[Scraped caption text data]
+ + + + + + +

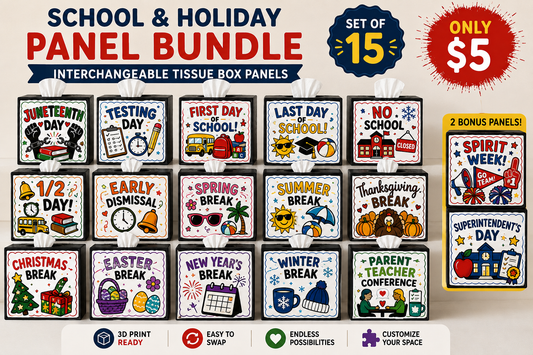 School & Holiday Interchangeable Tissue Box Panels – STL Digital Download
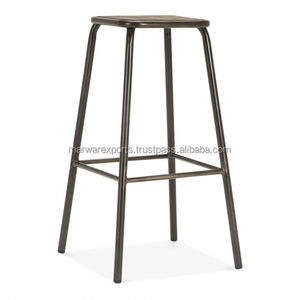 Taburete rústico de madera maciza de estilo antiguo con acero inoxidable para muebles de gabinete de sala de estar - Product Image 1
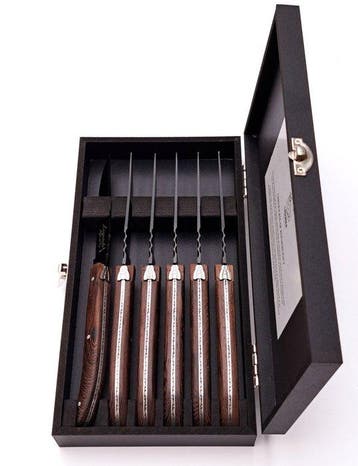 Laguiole - 6x Luxury Steak Knives - Wengé Wood - style de -
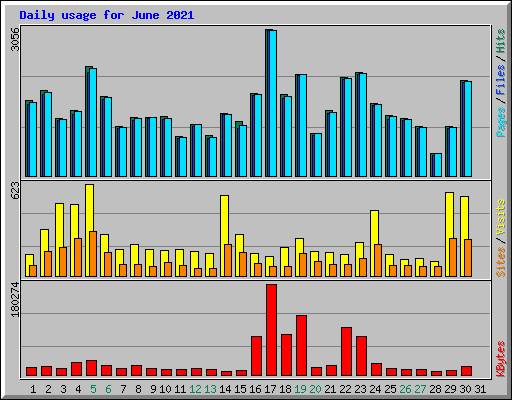 Daily usage for June 2021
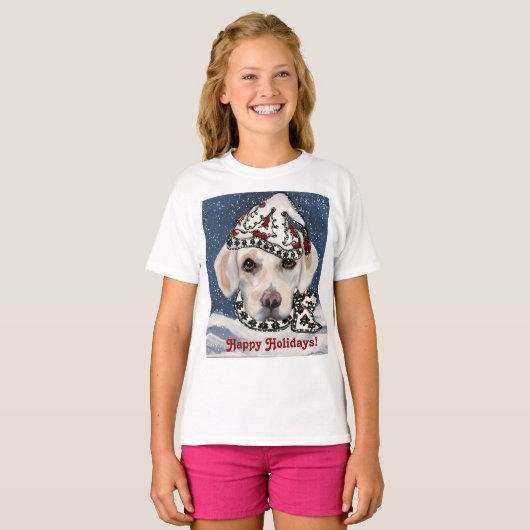 WIT LABRADOR RETRIEVER T-SHIRT (Voorkant volledig)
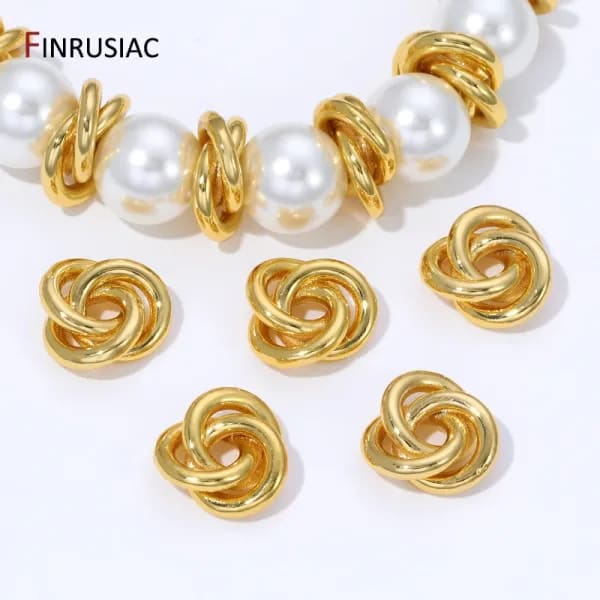 Cuentas espaciadoras de latón chapado en oro de 18 quilates con tejido irregular, separadores para cuentas, accesorios para la fabricación de joyas DIY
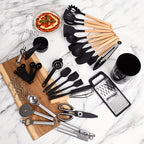 44-Piece Kitchen Cooking Tool Set – Complete Non-Stick Heat Resistant Dishwasher Safe Kitchen Utensils for Beginners & Enthusiasts, Holiday Gift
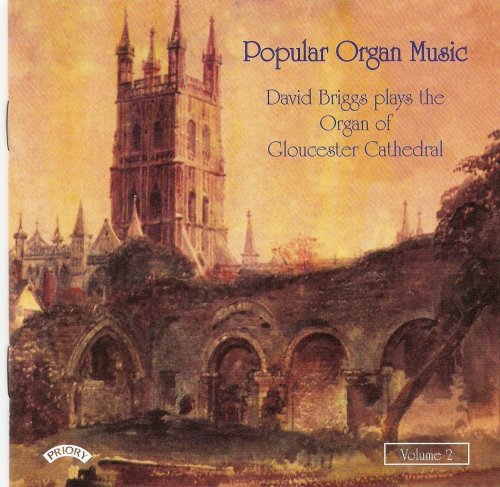 CD case featuring Gloucester Cathedral, likely with organ pipes depicted.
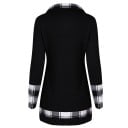 Dames asymmetrische sweater met geruite kraag en manchetten Geplooide voorkant met knopen Afgeronde zoom Lange mouwen Polyester 4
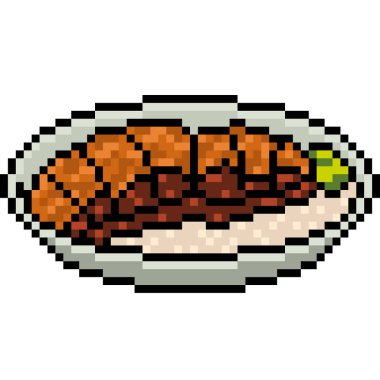 vektör piksel sanat yemeği Tonkatsu izole edildi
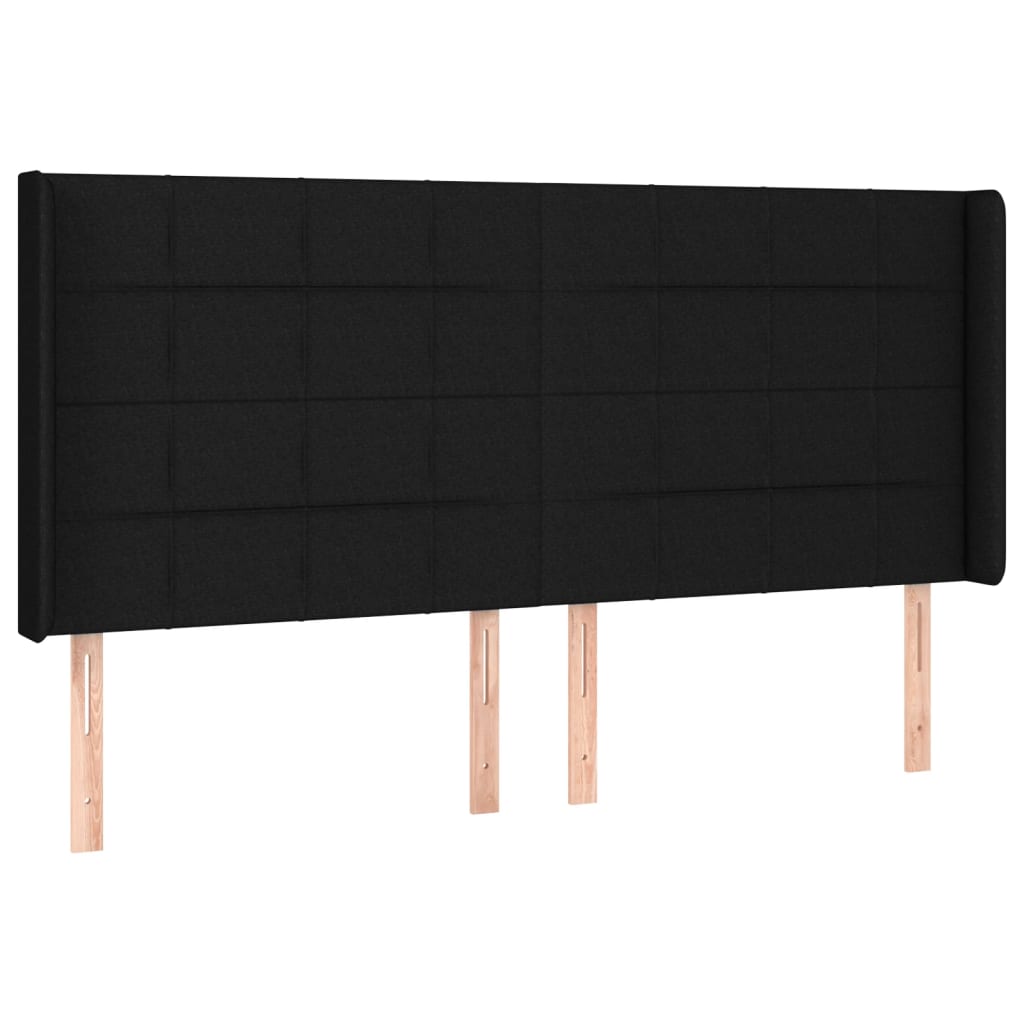 Hoofdbord Met Randen Stof 163 x 16 x 118/128 cm Zwart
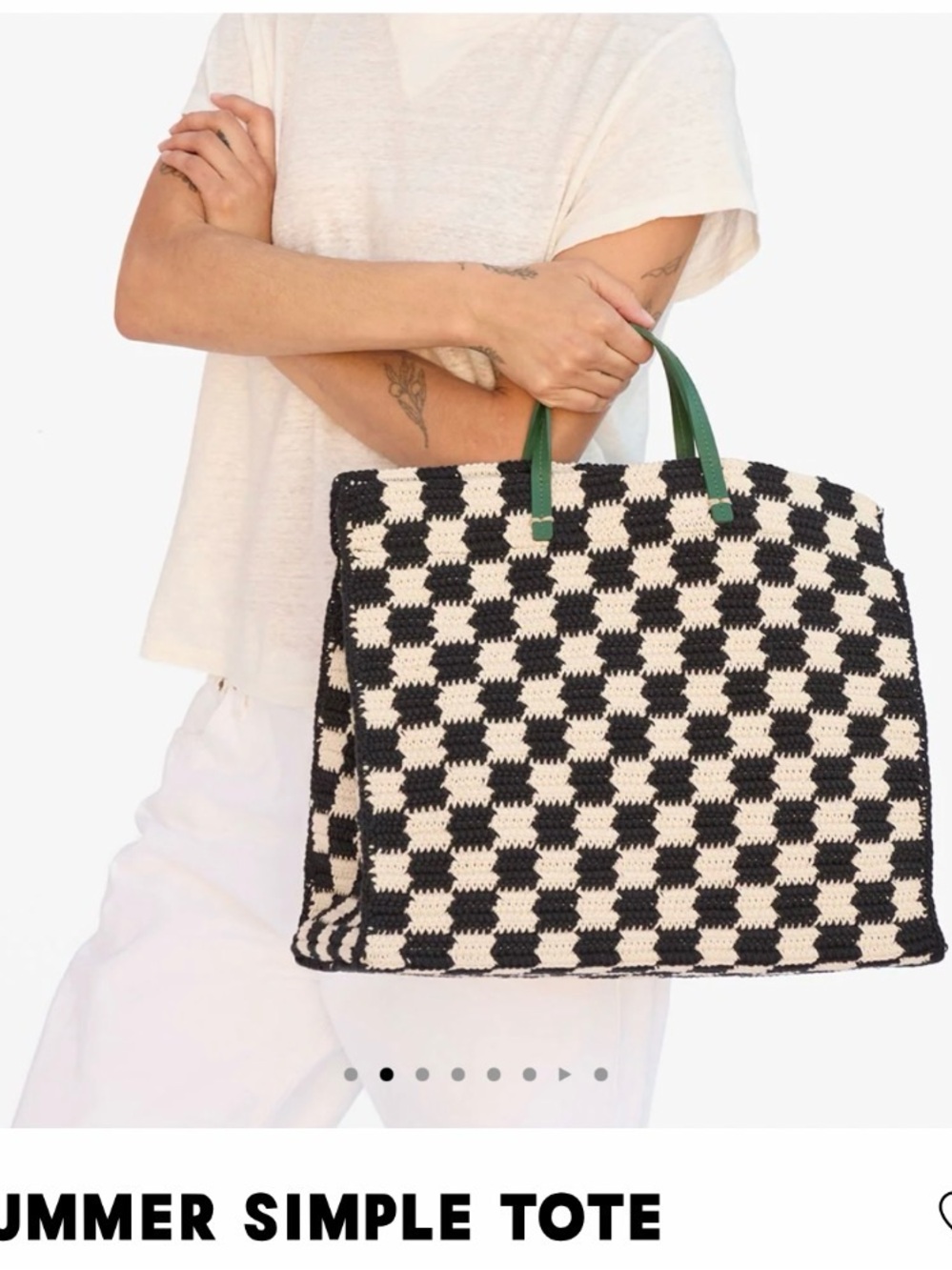 Clare V summer Simple Tote - Black & Cream Crochet Checker Tote - Picture 2 of 15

+ + + + + + +

● **TASK DIRECTIONS**
Once the pictures are dropped, repeat the data above exactly.

● **SOLUTION TO THIS EXERCISE**
 School & Holiday Interchangeable Tissue Box Panels – STL Digital Download
 Taburete rústico de madera maciza de estilo antiguo con acero inoxidable para muebles de gabinete de sala de estar - Product Image 1
 Laguiole - 6x Luxury Steak Knives - Wengé Wood - style de -
 Daily usage for June 2021
 WIT LABRADOR RETRIEVER T-SHIRT (Voorkant volledig)
 Cuentas espaciadoras de latón chapado en oro de 18 quilates con tejido irregular, separadores para cuentas, accesorios para la fabricación de joyas DIY
 44-Piece Kitchen Cooking Tool Set – Complete Non-Stick Heat Resistant Dishwasher Safe Kitchen Utensils for Beginners & Enthusiasts, Holiday Gift
 CD case featuring Gloucester Cathedral, likely with organ pipes depicted.
 Dames asymmetrische sweater met geruite kraag en manchetten Geplooide voorkant met knopen Afgeronde zoom Lange mouwen Polyester 4
 vektör piksel sanat yemeği Tonkatsu izole edildi
 Hoofdbord Met Randen Stof 163 x 16 x 118/128 cm Zwart
 Clare V summer Simple Tote - Black & Cream Crochet Checker Tote - Picture 2 of 15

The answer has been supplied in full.